(Records from a data source)
*** Block opens ***

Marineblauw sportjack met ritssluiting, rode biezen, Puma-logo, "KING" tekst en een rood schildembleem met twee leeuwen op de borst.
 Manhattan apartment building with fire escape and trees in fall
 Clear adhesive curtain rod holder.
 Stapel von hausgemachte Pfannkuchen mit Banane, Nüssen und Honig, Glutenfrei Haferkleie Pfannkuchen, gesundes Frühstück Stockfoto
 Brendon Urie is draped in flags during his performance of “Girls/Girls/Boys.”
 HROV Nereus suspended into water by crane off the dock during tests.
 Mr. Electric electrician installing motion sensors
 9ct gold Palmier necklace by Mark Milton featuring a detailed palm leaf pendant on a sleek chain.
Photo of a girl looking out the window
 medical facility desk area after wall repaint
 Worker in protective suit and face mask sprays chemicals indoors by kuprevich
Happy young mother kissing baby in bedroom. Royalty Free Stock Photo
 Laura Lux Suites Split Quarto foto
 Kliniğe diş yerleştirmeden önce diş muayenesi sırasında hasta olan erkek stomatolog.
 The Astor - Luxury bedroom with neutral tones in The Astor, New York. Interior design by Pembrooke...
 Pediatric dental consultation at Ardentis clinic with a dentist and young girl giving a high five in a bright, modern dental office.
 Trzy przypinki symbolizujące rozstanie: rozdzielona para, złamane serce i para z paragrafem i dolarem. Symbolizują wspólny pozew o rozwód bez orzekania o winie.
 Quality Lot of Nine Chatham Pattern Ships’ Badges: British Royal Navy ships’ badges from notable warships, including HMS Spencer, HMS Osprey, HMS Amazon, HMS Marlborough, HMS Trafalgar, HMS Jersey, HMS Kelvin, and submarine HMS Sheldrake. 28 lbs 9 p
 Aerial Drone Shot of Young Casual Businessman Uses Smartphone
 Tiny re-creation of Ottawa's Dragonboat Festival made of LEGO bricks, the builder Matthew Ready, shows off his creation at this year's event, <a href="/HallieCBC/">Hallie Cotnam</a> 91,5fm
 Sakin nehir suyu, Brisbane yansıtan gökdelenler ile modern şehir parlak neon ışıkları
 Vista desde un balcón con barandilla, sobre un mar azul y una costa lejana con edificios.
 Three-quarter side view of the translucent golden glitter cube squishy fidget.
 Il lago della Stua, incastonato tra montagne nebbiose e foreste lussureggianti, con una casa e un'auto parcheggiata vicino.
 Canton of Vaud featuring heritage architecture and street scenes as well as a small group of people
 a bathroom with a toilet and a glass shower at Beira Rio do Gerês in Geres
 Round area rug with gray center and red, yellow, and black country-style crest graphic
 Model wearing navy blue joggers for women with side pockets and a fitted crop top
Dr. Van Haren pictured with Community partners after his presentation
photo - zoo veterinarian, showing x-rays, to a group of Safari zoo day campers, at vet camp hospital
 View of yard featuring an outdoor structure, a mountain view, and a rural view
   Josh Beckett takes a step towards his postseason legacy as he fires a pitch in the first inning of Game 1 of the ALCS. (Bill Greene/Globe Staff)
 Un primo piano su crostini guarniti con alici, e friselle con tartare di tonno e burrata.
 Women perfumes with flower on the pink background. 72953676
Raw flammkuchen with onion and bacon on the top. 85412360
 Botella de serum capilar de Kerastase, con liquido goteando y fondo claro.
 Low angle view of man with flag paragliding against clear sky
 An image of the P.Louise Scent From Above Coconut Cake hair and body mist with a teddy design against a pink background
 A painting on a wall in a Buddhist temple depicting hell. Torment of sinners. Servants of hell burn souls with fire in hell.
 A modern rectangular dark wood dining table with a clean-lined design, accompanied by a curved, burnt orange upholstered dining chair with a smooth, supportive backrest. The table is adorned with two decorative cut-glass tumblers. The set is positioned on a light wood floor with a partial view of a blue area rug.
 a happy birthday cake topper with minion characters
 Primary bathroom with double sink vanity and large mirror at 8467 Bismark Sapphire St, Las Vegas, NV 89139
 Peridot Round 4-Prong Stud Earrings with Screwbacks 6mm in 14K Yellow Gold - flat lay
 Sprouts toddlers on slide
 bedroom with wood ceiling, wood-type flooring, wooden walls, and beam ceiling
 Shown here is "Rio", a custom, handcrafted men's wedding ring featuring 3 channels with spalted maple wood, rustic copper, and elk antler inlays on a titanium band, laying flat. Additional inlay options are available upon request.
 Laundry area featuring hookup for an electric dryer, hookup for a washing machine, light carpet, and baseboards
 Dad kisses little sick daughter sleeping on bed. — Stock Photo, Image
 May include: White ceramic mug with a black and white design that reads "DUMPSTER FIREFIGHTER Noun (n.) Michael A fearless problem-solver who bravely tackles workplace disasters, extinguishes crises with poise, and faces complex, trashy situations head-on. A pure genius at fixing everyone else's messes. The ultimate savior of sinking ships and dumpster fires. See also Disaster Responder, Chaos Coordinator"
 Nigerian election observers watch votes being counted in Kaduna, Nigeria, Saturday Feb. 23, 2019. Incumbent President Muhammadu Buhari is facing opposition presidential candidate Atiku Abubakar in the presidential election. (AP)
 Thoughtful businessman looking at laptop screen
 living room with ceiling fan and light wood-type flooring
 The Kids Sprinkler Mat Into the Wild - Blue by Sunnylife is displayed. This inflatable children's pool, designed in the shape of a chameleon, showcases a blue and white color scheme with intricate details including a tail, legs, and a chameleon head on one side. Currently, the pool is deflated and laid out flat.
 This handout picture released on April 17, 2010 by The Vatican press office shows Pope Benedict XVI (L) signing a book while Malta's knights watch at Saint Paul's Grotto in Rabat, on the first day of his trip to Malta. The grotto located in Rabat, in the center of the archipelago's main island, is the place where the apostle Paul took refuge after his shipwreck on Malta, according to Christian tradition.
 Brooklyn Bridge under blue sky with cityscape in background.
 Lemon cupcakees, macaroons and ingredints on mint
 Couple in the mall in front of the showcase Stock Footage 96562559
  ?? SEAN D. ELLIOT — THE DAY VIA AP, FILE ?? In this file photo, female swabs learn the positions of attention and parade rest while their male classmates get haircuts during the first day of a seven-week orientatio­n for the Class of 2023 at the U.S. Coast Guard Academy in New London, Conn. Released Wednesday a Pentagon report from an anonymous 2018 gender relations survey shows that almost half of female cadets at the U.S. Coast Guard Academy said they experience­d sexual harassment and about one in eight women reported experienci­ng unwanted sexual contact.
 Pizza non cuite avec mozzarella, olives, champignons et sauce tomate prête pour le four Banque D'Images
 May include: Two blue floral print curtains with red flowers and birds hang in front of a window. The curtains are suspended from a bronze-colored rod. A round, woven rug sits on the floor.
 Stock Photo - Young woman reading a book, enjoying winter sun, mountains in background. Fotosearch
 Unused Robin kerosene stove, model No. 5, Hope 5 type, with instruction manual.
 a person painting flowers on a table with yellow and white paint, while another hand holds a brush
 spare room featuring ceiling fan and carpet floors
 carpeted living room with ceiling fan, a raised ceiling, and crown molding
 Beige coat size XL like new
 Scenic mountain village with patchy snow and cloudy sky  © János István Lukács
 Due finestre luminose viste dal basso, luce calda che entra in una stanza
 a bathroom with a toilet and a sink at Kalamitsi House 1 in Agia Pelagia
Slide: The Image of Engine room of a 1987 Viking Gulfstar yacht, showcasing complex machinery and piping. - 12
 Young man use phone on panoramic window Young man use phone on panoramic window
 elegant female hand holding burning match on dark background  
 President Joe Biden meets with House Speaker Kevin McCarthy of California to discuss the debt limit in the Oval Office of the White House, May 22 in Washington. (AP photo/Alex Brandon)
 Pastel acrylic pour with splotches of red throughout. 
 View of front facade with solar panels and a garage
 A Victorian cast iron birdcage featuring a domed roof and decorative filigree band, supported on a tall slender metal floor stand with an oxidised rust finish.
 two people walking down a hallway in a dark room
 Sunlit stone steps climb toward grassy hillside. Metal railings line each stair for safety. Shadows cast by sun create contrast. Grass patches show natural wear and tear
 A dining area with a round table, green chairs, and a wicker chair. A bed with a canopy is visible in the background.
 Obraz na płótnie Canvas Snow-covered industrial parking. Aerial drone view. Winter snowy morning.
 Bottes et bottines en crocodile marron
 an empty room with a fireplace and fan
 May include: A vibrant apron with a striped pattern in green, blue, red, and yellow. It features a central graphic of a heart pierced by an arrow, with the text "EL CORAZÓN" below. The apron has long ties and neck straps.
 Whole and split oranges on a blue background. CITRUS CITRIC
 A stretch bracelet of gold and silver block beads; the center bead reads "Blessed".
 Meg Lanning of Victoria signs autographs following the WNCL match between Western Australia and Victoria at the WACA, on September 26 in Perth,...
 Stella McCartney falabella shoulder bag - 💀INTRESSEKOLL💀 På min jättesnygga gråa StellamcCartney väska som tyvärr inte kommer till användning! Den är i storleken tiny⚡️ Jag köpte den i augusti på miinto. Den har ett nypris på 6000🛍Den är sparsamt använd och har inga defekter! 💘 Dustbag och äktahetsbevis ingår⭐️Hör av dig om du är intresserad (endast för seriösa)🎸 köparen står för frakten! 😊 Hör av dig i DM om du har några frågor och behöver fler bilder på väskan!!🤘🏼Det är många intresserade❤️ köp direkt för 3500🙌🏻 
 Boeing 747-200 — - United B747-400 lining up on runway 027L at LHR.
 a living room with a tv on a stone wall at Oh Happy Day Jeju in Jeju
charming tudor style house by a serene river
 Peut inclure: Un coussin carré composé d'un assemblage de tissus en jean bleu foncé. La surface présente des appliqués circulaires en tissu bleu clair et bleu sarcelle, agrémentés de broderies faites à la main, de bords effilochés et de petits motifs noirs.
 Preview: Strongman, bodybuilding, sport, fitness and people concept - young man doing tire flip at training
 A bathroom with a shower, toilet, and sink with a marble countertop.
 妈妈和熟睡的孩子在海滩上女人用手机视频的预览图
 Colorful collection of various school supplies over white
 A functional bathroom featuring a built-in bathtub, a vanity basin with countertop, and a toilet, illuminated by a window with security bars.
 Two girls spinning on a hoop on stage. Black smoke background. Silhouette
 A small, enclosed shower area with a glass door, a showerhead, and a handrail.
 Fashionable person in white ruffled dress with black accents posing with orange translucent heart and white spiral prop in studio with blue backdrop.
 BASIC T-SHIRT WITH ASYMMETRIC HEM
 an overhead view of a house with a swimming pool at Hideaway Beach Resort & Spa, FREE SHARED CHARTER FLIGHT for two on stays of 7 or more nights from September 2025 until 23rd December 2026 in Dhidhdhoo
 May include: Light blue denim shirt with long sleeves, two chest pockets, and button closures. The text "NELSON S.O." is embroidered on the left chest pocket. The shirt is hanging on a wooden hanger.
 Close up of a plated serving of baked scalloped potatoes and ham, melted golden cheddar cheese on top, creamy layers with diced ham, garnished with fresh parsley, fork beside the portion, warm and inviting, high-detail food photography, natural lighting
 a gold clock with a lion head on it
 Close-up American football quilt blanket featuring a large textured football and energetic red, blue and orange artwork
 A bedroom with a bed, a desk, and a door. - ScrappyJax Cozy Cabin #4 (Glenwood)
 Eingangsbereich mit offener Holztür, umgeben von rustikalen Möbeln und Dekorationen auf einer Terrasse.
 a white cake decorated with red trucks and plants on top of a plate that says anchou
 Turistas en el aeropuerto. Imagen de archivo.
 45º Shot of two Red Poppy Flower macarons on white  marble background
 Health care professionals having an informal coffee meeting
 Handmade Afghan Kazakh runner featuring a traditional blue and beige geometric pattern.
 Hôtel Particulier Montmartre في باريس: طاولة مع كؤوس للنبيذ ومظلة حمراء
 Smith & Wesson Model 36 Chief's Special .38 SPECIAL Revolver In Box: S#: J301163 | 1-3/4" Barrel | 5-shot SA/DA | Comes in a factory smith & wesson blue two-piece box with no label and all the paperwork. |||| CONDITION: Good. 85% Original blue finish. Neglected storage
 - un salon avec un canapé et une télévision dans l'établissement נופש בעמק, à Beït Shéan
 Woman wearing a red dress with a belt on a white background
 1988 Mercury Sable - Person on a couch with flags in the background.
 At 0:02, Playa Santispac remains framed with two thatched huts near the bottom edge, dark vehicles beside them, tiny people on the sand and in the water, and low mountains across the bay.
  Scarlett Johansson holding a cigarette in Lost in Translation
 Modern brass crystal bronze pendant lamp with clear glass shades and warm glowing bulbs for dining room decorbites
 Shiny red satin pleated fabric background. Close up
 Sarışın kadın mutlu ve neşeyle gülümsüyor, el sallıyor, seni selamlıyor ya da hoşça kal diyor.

*** Block closes ***

__Task goal__: Return the span of lines in the data above that opens at the line with "unwanted sexual contact." and closes at the line with "Pastel acrylic pour", exactly, ends included, nothing else.

__Output for this exercise__:
  ?? SEAN D. ELLIOT — THE DAY VIA AP, FILE ?? In this file photo, female swabs learn the positions of attention and parade rest while their male classmates get haircuts during the first day of a seven-week orientatio­n for the Class of 2023 at the U.S. Coast Guard Academy in New London, Conn. Released Wednesday a Pentagon report from an anonymous 2018 gender relations survey shows that almost half of female cadets at the U.S. Coast Guard Academy said they experience­d sexual harassment and about one in eight women reported experienci­ng unwanted sexual contact.
 Pizza non cuite avec mozzarella, olives, champignons et sauce tomate prête pour le four Banque D'Images
 May include: Two blue floral print curtains with red flowers and birds hang in front of a window. The curtains are suspended from a bronze-colored rod. A round, woven rug sits on the floor.
 Stock Photo - Young woman reading a book, enjoying winter sun, mountains in background. Fotosearch
 Unused Robin kerosene stove, model No. 5, Hope 5 type, with instruction manual.
 a person painting flowers on a table with yellow and white paint, while another hand holds a brush
 spare room featuring ceiling fan and carpet floors
 carpeted living room with ceiling fan, a raised ceiling, and crown molding
 Beige coat size XL like new
 Scenic mountain village with patchy snow and cloudy sky  © János István Lukács
 Due finestre luminose viste dal basso, luce calda che entra in una stanza
 a bathroom with a toilet and a sink at Kalamitsi House 1 in Agia Pelagia
Slide: The Image of Engine room of a 1987 Viking Gulfstar yacht, showcasing complex machinery and piping. - 12
 Young man use phone on panoramic window Young man use phone on panoramic window
 elegant female hand holding burning match on dark background  
 President Joe Biden meets with House Speaker Kevin McCarthy of California to discuss the debt limit in the Oval Office of the White House, May 22 in Washington. (AP photo/Alex Brandon)
 Pastel acrylic pour with splotches of red throughout. 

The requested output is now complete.